Angel of Storms (Millennium's Rule, #2)(139)



“To shift a pattern you must know it. You need to understand your body to the finest degree to change it. So to begin, concentrate on a muscle in your leg and study what happens when you move. Seek more detail and understanding. Do this long enough, strive hard enough, and your body will use magic to enhance your awareness.

“And throughout your time here,” he added. “I want you to lower the block that prevents me from reading your mind, as otherwise I won’t know when to set you the next exercise, or when you are ready to leave here.”

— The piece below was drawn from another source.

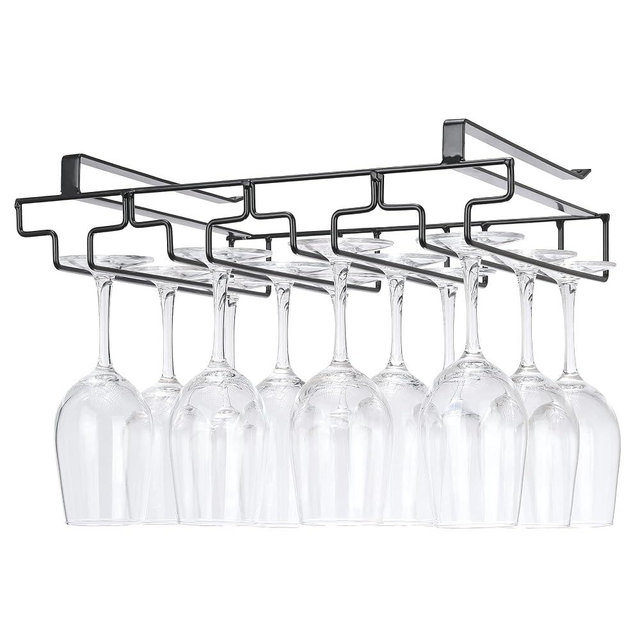 Wine Glass Rack Under Cabinet Drilling Free No Screw Steamware Holder Under Shelf Metal Wine Glasses Holders 304 Stainless Steel Hanger Storage Organizer Hanging Glass Fit for Bar Kitchen 4 Rows Black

Then he had left her, only returning once a day when she required food and water and other necessities, each time taking everything away as soon as she was finished. At least, she assumed it was once a day. She had no way of knowing for sure. He always looked for and erased the marks she made on the walls to keep track. Once she’d gouged them in deeply with magic. The dust had left her coughing for hours afterwards. He’d simply smoothed the wall again.

She’d hated him at that point. She’d resisted a powerful urge to leave the room. If she’d been able to travel between worlds, she would have fought the temptation to escape that way. Only pride and determination kept her in place. Valhan wanted her to learn this, so she would do everything she could to achieve it, not give up when she’d barely begun.

Staring at her leg, she had flexed the muscles over and over, trying to actually see with her mind and not simply imagine what was inside. Her awareness gradually shifted and expanded. What she saw and understood was fascinating, and drew her to look closer, and one day she knew she had grasped what she needed to because the door opened and Dahli entered empty-handed, smiling.

He did not stay long.

“Now apply this level of awareness to another part of your body,” he instructed. “Not a muscle this time.”

She chose the bones in her hand. It was easier and faster the second time, as her senses were already attuned to this level of awareness. It still took headache-inducing concentration, but was growing easier. She slowly realised that she was using magic to sense instead of affect. Once she grasped this she discovered that, by using magic this way, she could gather information about locations outside of herself, too. She could judge that the temperature at a point in the room was slightly warmer than a point within the rock wall. She could find hollows in the rock beyond the wall. She could hear water trickling somewhere to the left of the door. The room was growing less boring.

But if you can’t sense and affect at the same time, how can you heal? she’d wondered.

The answer, Dahli taught her next, was that you could. It took even greater concentration. And like everything that required concentration, it got easier with practice.

He set her the task of changing her hair colour. It was safer than altering living tissue, he said. Since her hair hung well past her shoulders, Dahli had visited several times before she had changed the entire length of every strand.

“Blonde doesn’t suit you,” he told her. “Change it back.”

When it was all black again he brought a knife and told her to make a small cut to her arm, then repair the damage, leaving no scar. She didn’t manage it before the next meal. Dahli told her to cut herself again, as the old wound had begun to heal naturally. It was the third cut that she managed to heal.

He then brought a small animal with a shallow cut on its snout. This proved harder to heal than she expected. The animal was not a part of her body. She did not know its pattern. Though she had sensed things outside herself, nothing had been this complicated, and she hadn’t tried to affect anything. But it was more like learning to dance than to walk–most of the mental coordination was in place. She healed the cut within hours rather than days.

When she had, Dahli replaced it with a spiny creature with a broken toe.

“Now block the pain before you heal this one.”

That was easier than she had expected. The animal’s mind told her when she had succeeded. It wasn’t until much later that she realised she could now use magic to understand the minds of other creatures. When Dahli returned she asked him if she was right.

“Yes, you can.” He shrugged. “It’s not as useful an ability as you imagine. We don’t need animals for transport or to fetch things, and raising them for food or other products or uses is usually a task given to the people who serve us. I’ve known a few ageless who keep pets and find the ability adds to the entertainment and pleasure of owning them.”

He handed her a small animal with a pointy nose and white-flecked grey fur, then took the spiny creature and held it carefully as he explained what she must do next.

“What you have been doing is a simpler form of pattern shifting. Aside from when you changed your hair colour, you were helping living matter return to its original pattern. This is what it is inclined to do. What you must learn now is to alter the underlying pattern of a living creature to one that it never would have developed into. He nodded at the animal in her hands.

“Make his legs longer.”

“That seems… cruel.”

“Only if you make them very long. A little extra height will do him no harm–and other breeds of this animal are taller. If you were to increase your height you would have to maintain the change, because if you have magical ability your body will return to its original pattern.”

Not wanting to distress the animal unduly, she spent a little time soothing and playing with him. Settling quickly, he went to sleep in a corner of the room. It was easily enough to see that the creature was old, and a look inside him told her he had been recently fed.